Whole Function Vectorization - cl_codeplay_wfv

Name Strings

cl_codeplay_wfv

Contact

  • Ori Sky Farrell, Codeplay Software Ltd. (ori at codeplay.com)

Contributors

  • Ori Sky Farrell, Codeplay Software Ltd.

Notice

Copyright (c) 2021 Codeplay Software Ltd.

Status

Proposal

Version

Built On: 2021-06-01 Version: 0.1.0

Dependencies

This extension is written against the OpenCL Specification Version 3.0.6.

This extension requires OpenCL 1.0.

Overview

The whole function vectorization extension provides a mechanism to vectorize an OpenCL kernel across the primary work-item dimension.

New API Enums

Accepted as the param_name parameter to clGetKernelWFVInfoCODEPLAY:

Enumeration

Value

CL_KERNEL_WFV_STATUS_CODEPLAY

0x1

CL_KERNEL_WFV_WIDTHS_CODEPLAY

0x2

Accepted as the query result of clGetKernelWFVInfoCODEPLAY for CL_KERNEL_WFV_STATUS_CODEPLAY:

Enumeration

Value

CL_WFV_SUCCESS_CODEPLAY

0

CL_WFV_NONE_CODEPLAY

-1

CL_WFV_ERROR_CODEPLAY

-2

New Types

Accepted as the param_name parameter to clGetKernelWFVInfoCODEPLAY:

typedef cl_uint cl_kernel_wfv_info_codeplay;

Returned as the query result of clGetKernelWFVInfoCODEPLAY for CL_KERNEL_WFV_STATUS_CODEPLAY:

typedef cl_int cl_kernel_wfv_status_codeplay;

New API Functions

cl_int clGetKernelWFVInfoCODEPLAY(cl_kernel kernel,
                                  cl_device_id device,
                                  cl_uint work_dim,
                                  const size_t *global_work_size,
                                  const size_t *local_work_size,
                                  cl_kernel_wfv_info_codeplay param_name,
                                  size_t param_value_size,
                                  void *param_value,
                                  size_t *param_value_size_ret);

Modifications to the OpenCL API Specification

Add a new Section 5.8.6.X, Options for Whole Function Vectorization:

-cl-wfv={always|auto|never}

Control whether or not a program is compiled with whole function vectorization enabled.

always:

Always perform whole function vectorization.

auto:

Only perform whole function vectorization if determined by the OpenCL implementation to be optimal.

never:

Never perform whole function vectorization.

Add a new Section 5.9.X, Kernel WFV Queries:

To return whole function vectorization information about a kernel object, call the function:

cl_int clGetKernelWFVInfoCODEPLAY(cl_kernel kernel,
                                  cl_device_id device,
                                  cl_uint work_dim,
                                  const size_t *global_work_size,
                                  const size_t *local_work_size,
                                  cl_kernel_wfv_info_codeplay param_name,
                                  size_t param_value_size,
                                  void *param_value,
                                  size_t *param_value_size_ret);
kernel

Specifies the kernel object being queried.

device

Identifies a specific device in the list of devices associated with kernel.

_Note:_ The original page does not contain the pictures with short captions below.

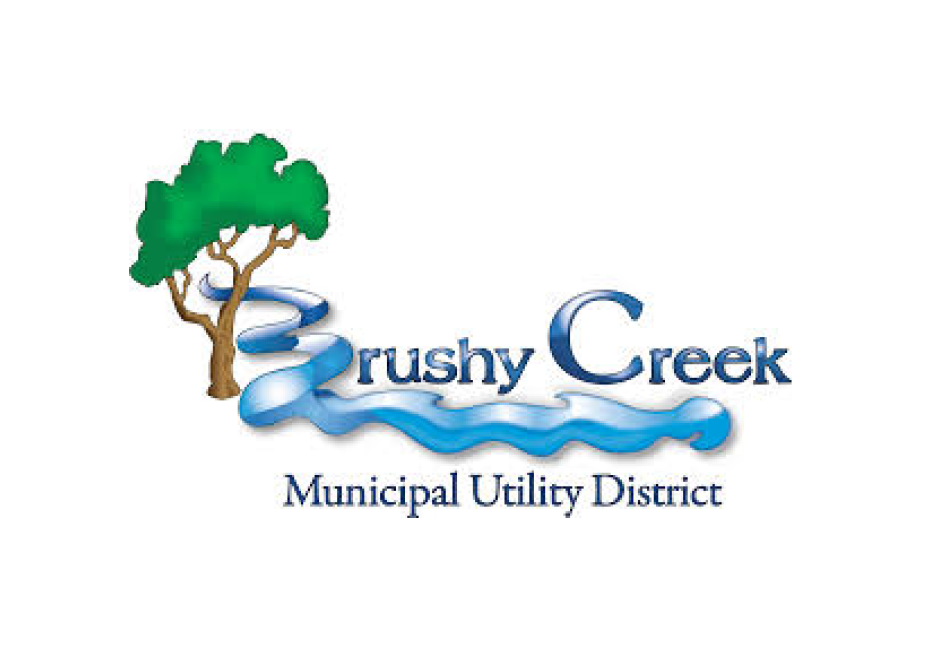 Logo for Rushy Creek Municipal Utility District featuring a tree, a creek, and the district's name.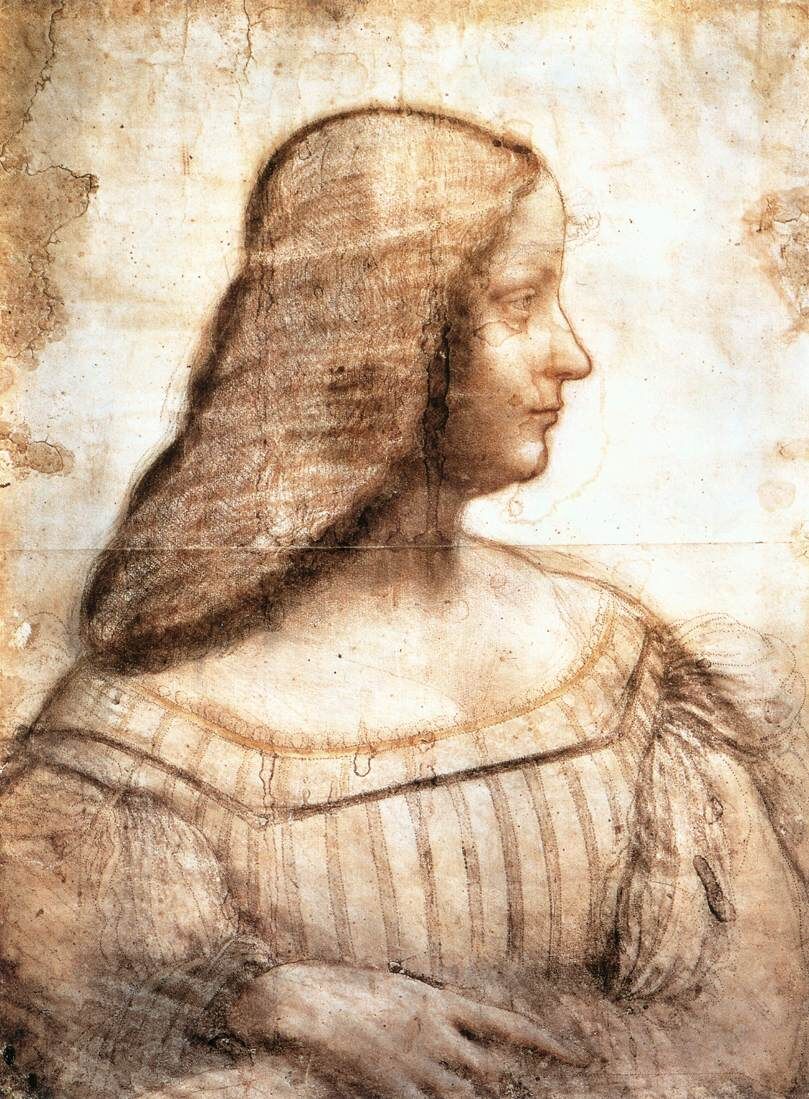 Leonardo da Vinci, Cartoon for a Portrait of Isabella d'Este, c. 1500. Image via Wikimedia Commons.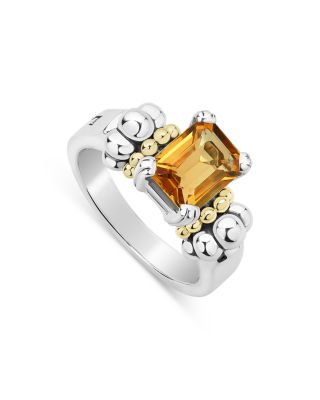 Lagos Sterling Silver & 18K Yellow Gold Glacier Citrine Ring
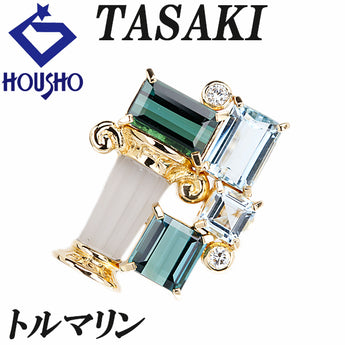 TASAKI Tasaki Pearl Green Tourmaline Brooch Aquamarine Diamond Quartz K18 Yellow Gold TASAKI 2way Pendant Top [Used] [901284]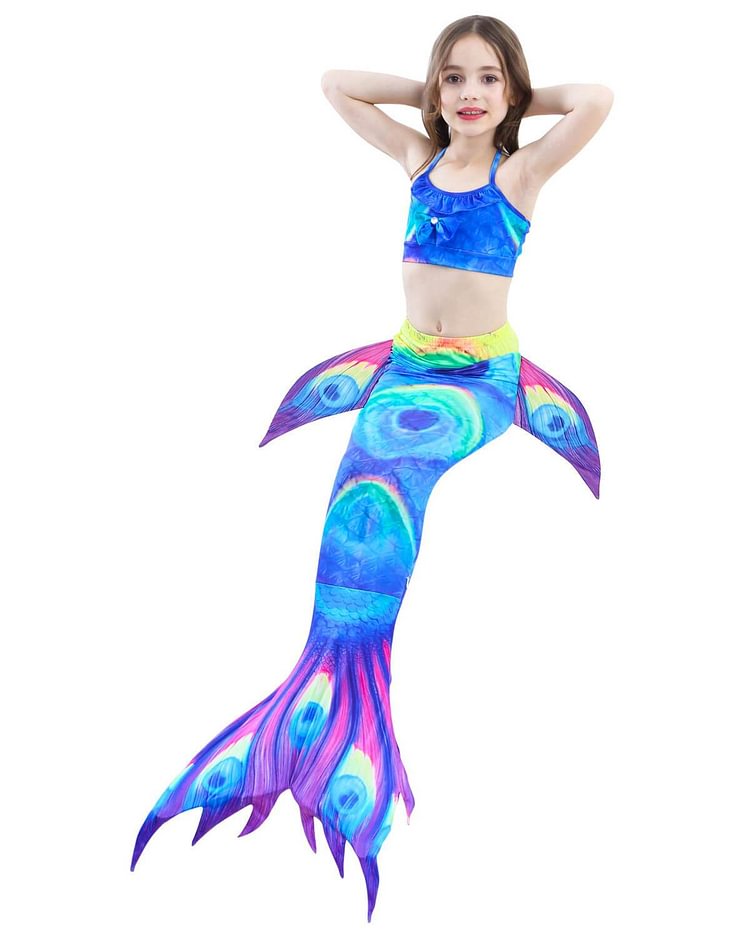 Girls Peacock Feather Printed Top Bottom And Mermaid Tail Swimsuit-Mayoulove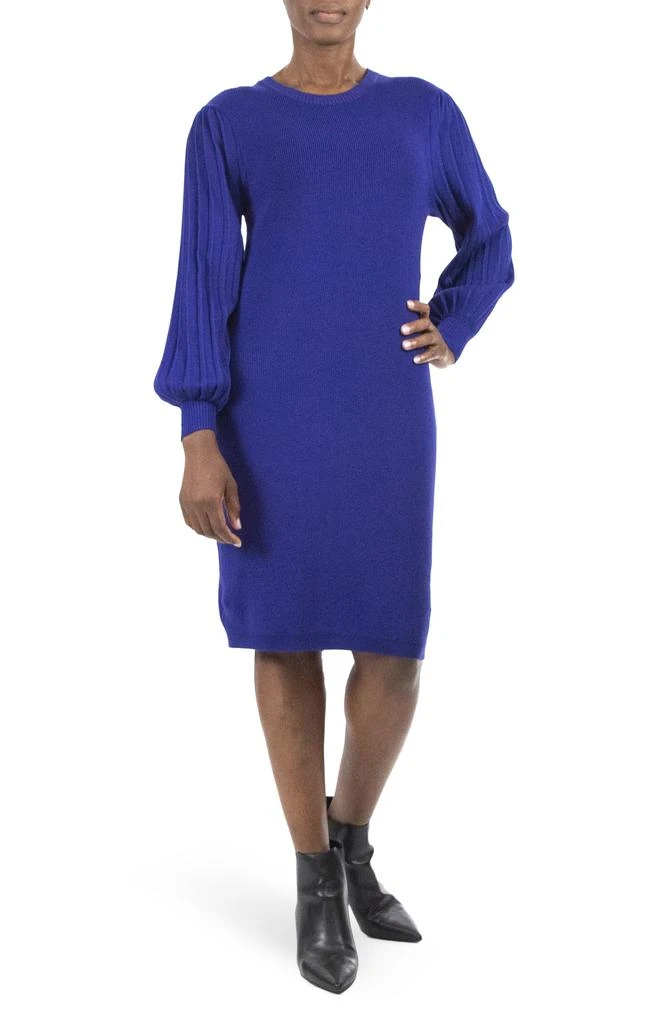 Pleated Bubble Sleeve Sweater Dress – On Sale Now with Up to 41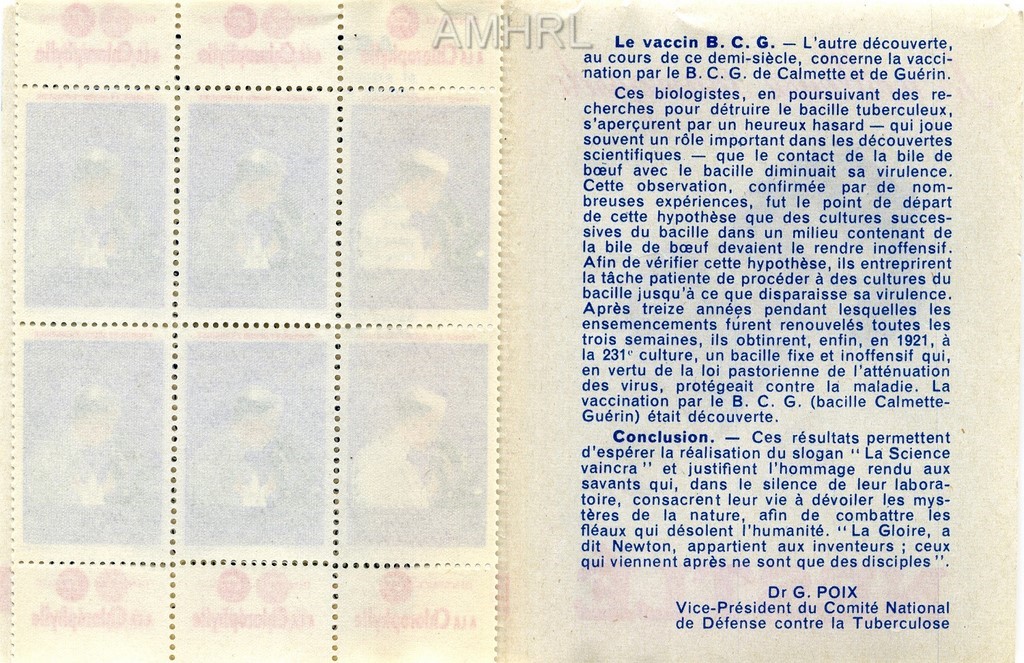 1953 Carnet complet « La science vaincra » avec 10 timbres
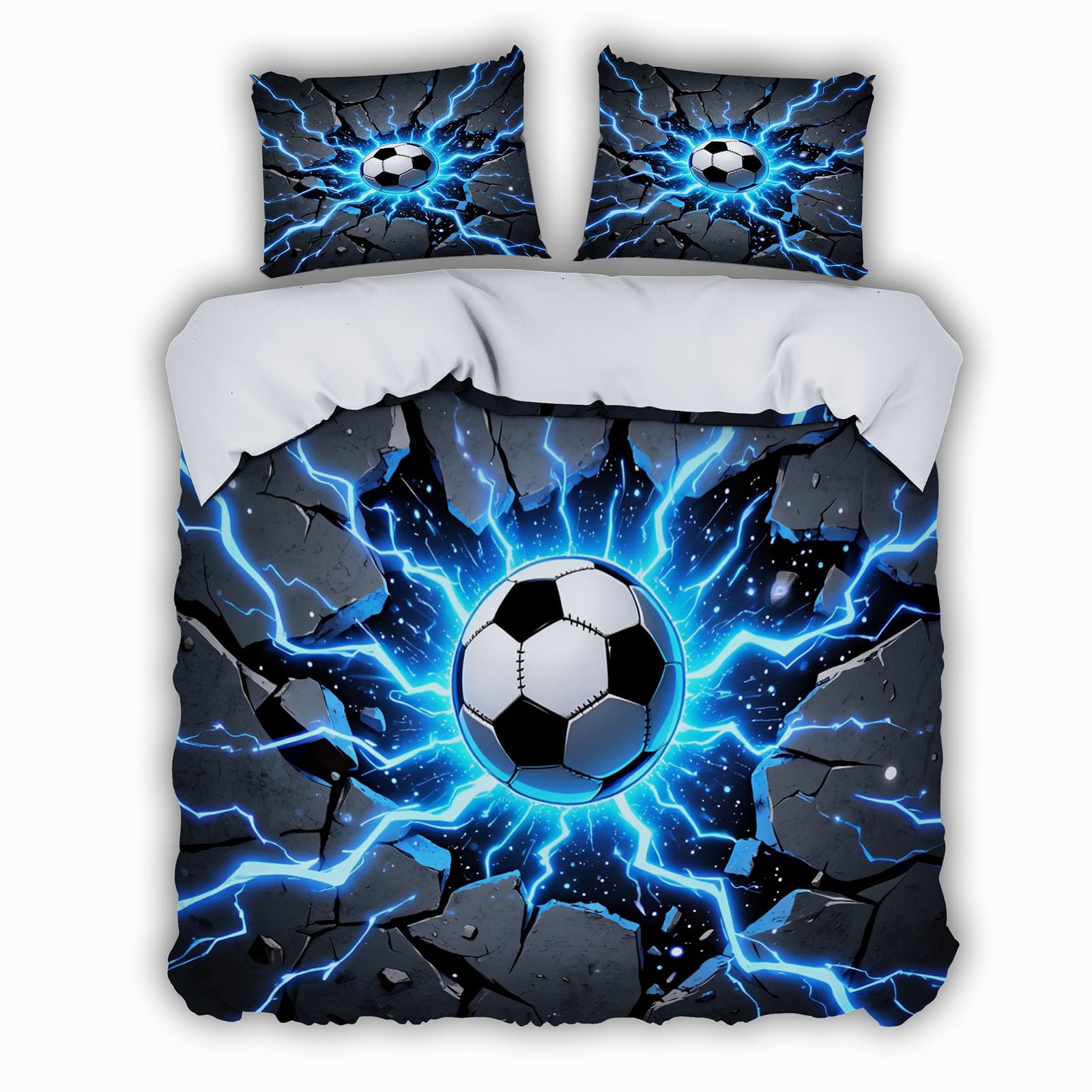 Parure de lit foot 3D pour transformer la chambre ado en véritable terrain de football de nuit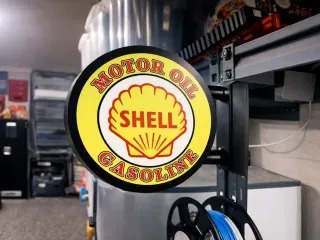 Shell Motor Oil Pub Sign 2-Sided 3D Printed Garage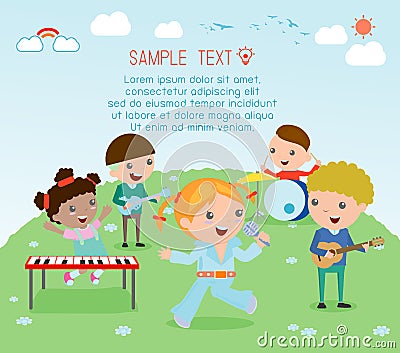 Kids and music, vector illustration of four girl in a music band, Children playing Musical Instruments,illustration of Kids Vector Illustration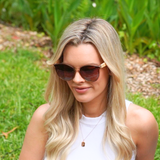 BELLA CHAMPAGNE -  Sunglasses l Wooden Polarised Sunglasses l Brown Graduated Lens l White Maple Arms
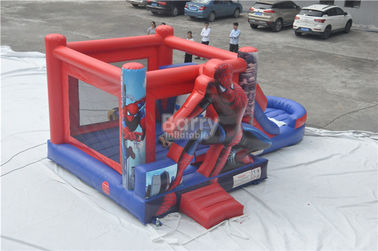 Spiderman Bouncy Castle, Round Inflatable Bouncer Combo With Slide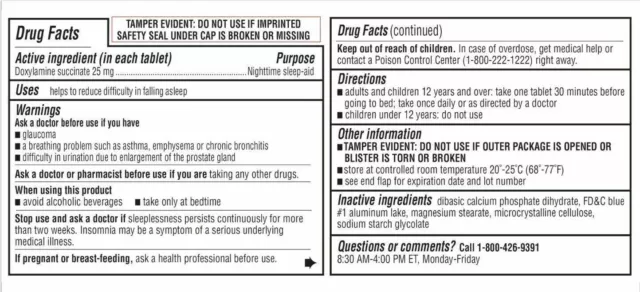 NEW Kirkland Night Aid 25mg Insomnia Sleep Supplement 96| 192| 384tabs FREE POST 3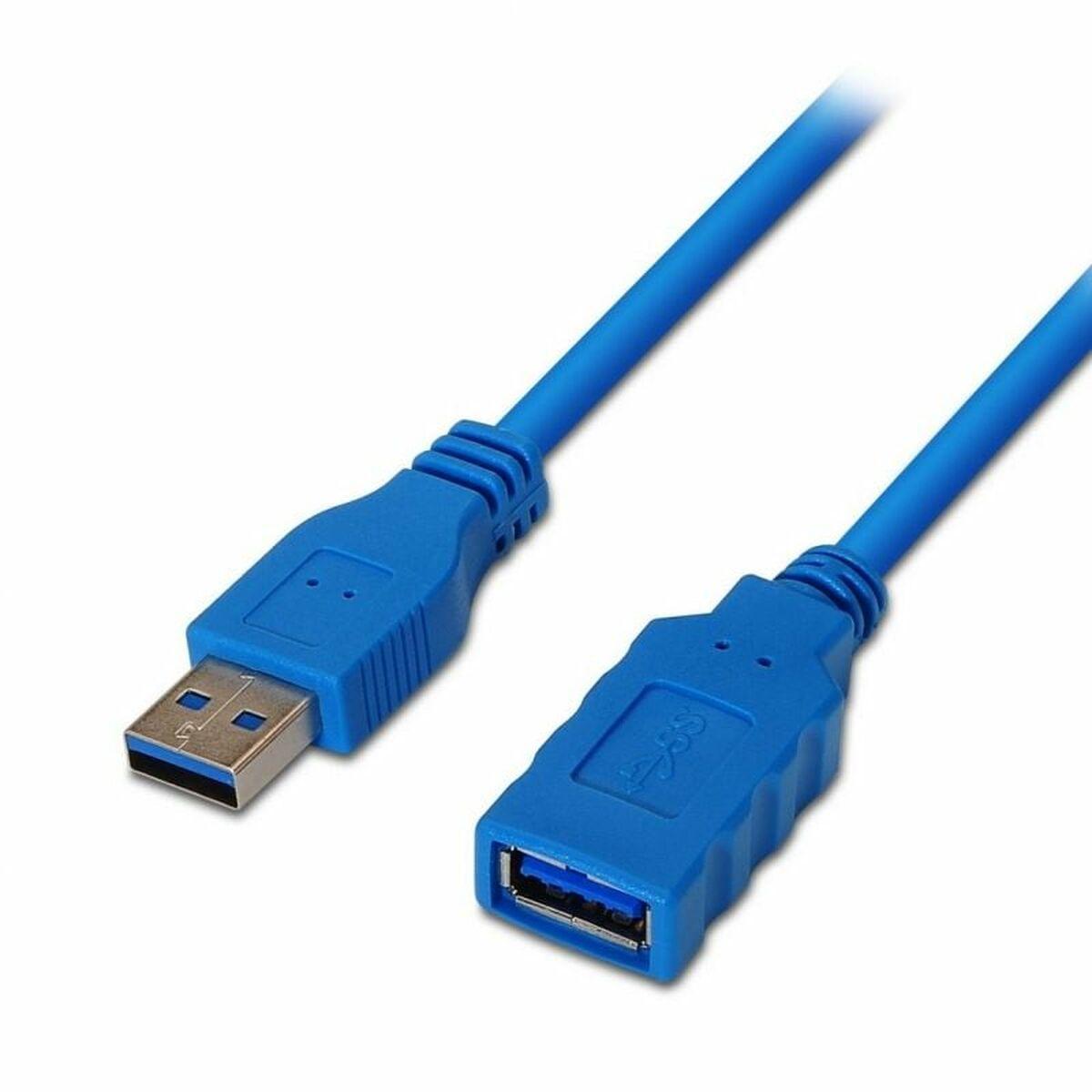 Aisens USB forlængerkabel - USB-A han til USB-A hun, blå, 1 m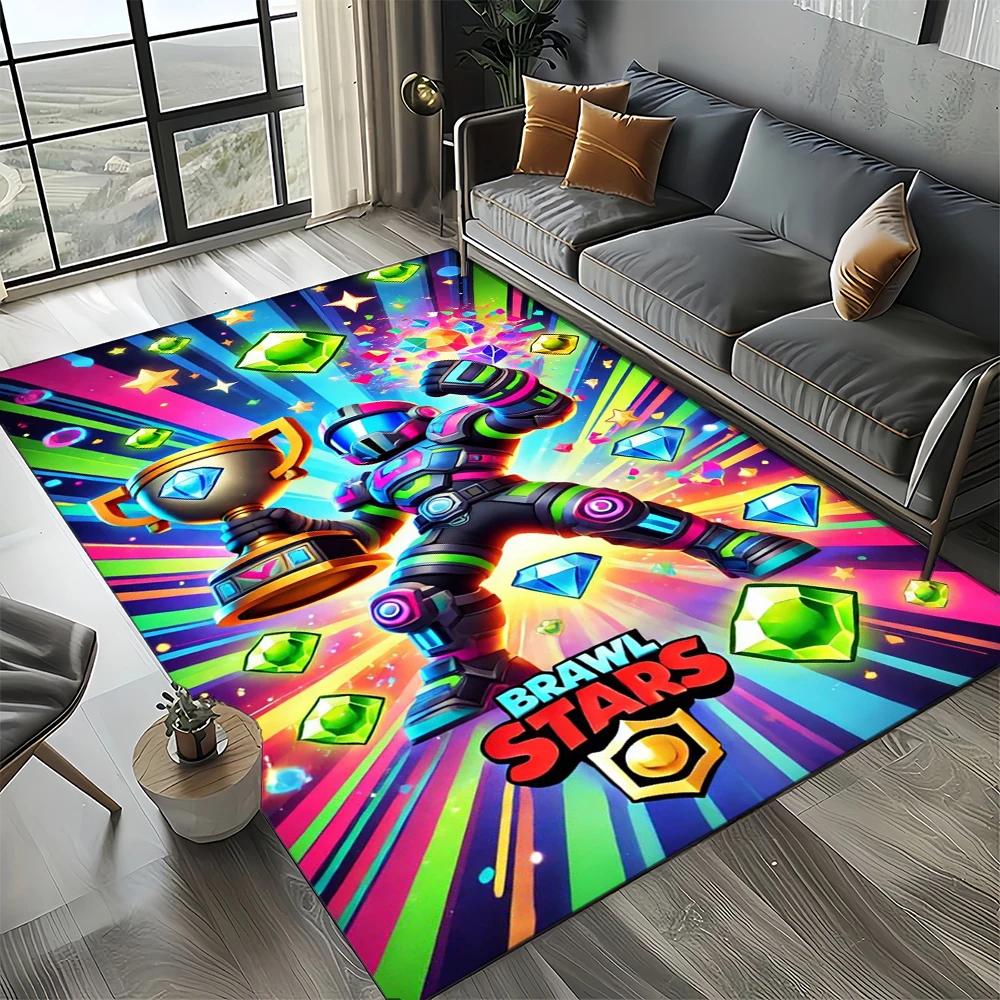 HOT B-Brawlls Cartoon Game 3D Print Rug Carpet for Living Room Bedroom Home Decor,kids Play Non-slip for Sofa Doormat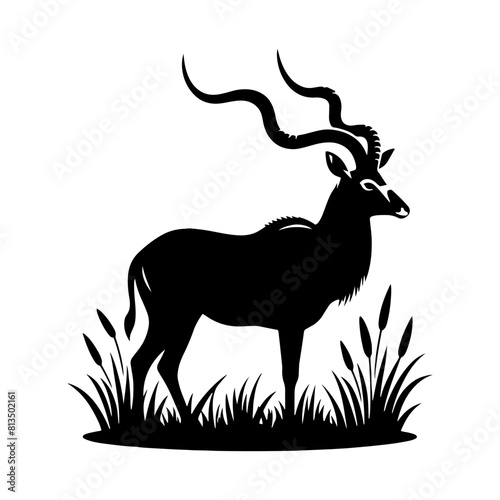 Minimalist Antelope Silhouette- Roaming the Vast Plains- Antelope Illustration- Antelope Vector.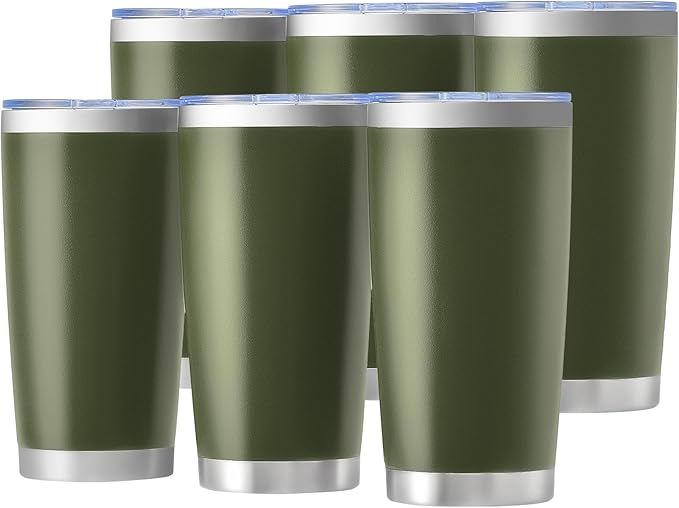 OMTech 20oz Tumblers Bulk, 6pc Stainless Steel Tumbler Set with Lid & Straw, Double Wall Vacuum Insulated Mug for Laser Engraver, Travel Coffee Mug for Hot & Cold Drinks, Army Green Powder Coated Cup - Bloomnest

The list of devices is the list of devices in the OpenCL context that is associated with kernel. If the list of devices associated with kernel is a single device, device can be a NULL value.

work_dim

The number of dimensions used to specify the work-items in the work-group. work_dim must be greater than zero and less than or equal to CL_DEVICE_MAX_WORK_ITEM_DIMENSIONS.

global_work_size

Points to an array of work_dim unsigned values that describe the number of global work-items in work_dim dimensions that are intended to execute the kernel function. The total number of global work-items is computed as global_work_size [0] × … × global_work_size [work_dim - 1]. If global_work_size and local_work_size are NULL, global_work_size will not be used by the OpenCL runtime when choosing a work-group size. If global_work_size is NULL and local_work_size is not NULL, global_work_size will not be used to determine if the explicitly specified local_work_size is valid.

local_work_size

Points to an array of work_dim unsigned values that describe the number of work-items that make up a work-group (also referred to as the size of the work-group) that is intended to execute the kernel specified by kernel. If local_work_size is NULL, the OpenCL runtime may choose a work-group size. If non-uniform work-groups are supported and local_work_size is NULL, the OpenCL runtime may choose a uniform or non-uniform work-group size. The total number of work-items in the work-group must be less than or equal to the CL_KERNEL_WORK_GROUP_SIZE value specified in the Kernel Object Device Queries table, and the number of work-items specified in local_work_size [0], …, local_work_size [work_dim - 1] must be less than or equal to the corresponding values specified by CL_DEVICE_MAX_WORK_ITEM_SIZES [0], …, CL_DEVICE_MAX_WORK_ITEM_SIZES [work_dim - 1]. The explicitly specified local_work_size will be used to determine how to break the global work-items specified by global_work_size into appropriate work-group instances.

param_name

Specifies the information to query. The list of supported param_name types and the information returned in param_value by clGetKernelWFVInfoCODEPLAY is described in the Kernel WFV Queries table.

param_value

A pointer to memory where the appropriate result being queried is returned. If param_value is NULL, it is ignored.

param_value_size

Used to specify the size in bytes of memory pointed to by param_value. This size must be ≥ size of return type as described in the Kernel WFV Queries table.

param_value_size_ret

Returns the actual size in bytes of data being queried by param_name. If param_value_size_ret is NULL, it is ignored.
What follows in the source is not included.